Task details
Give all of the data again exactly as written, omitting every image.

===== Data excerpt

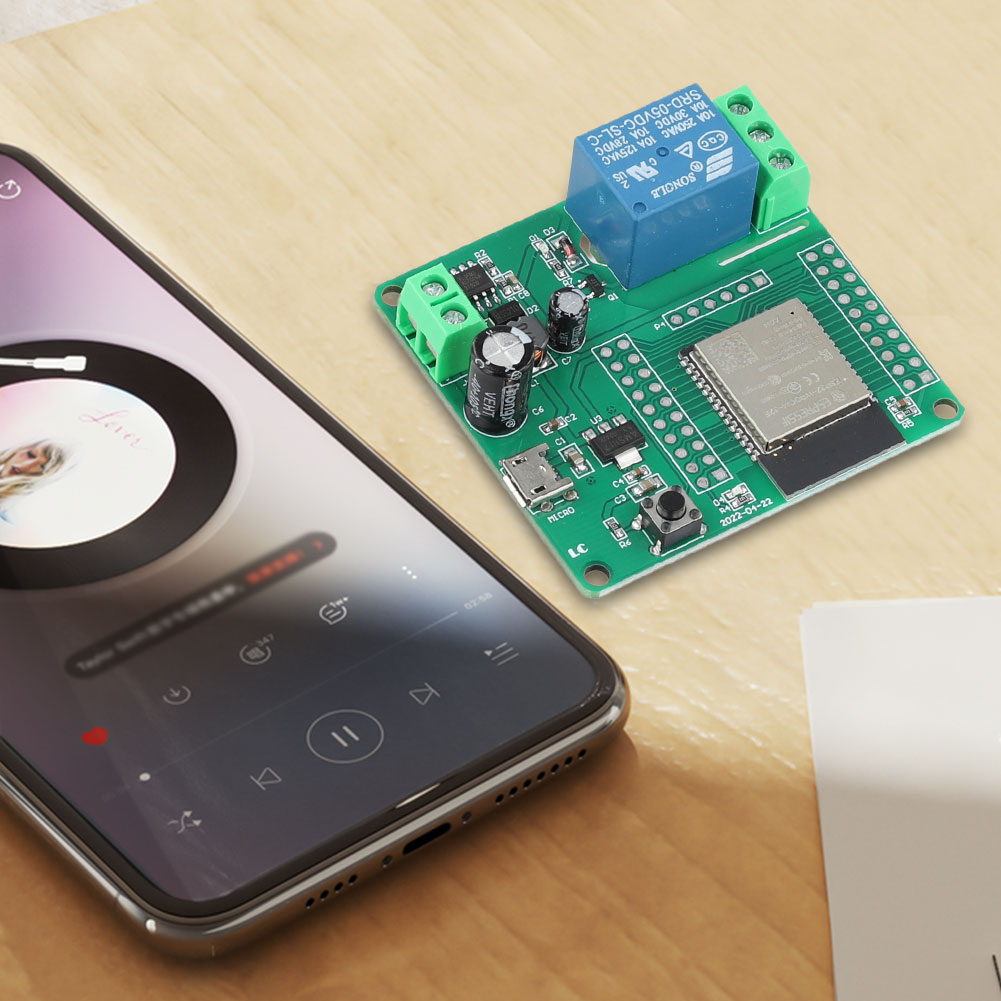 Module de relais BLE WIFI comp - Relay Module 1 Channel avis et prix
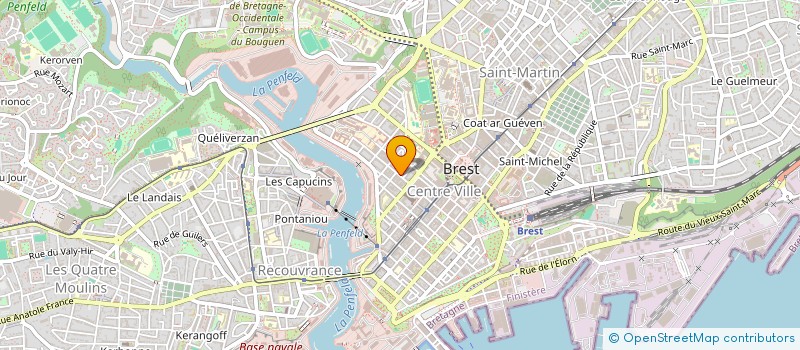 localisation de l'entreprise SCI LYON 51  BREST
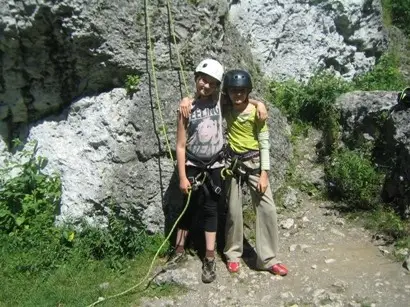 Ponik - Jura climbing camp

==========

Exercise answer
 Module de relais BLE WIFI comp - Relay Module 1 Channel avis et prix
 localisation de l'entreprise SCI LYON 51  BREST
 Ponik - Jura climbing camp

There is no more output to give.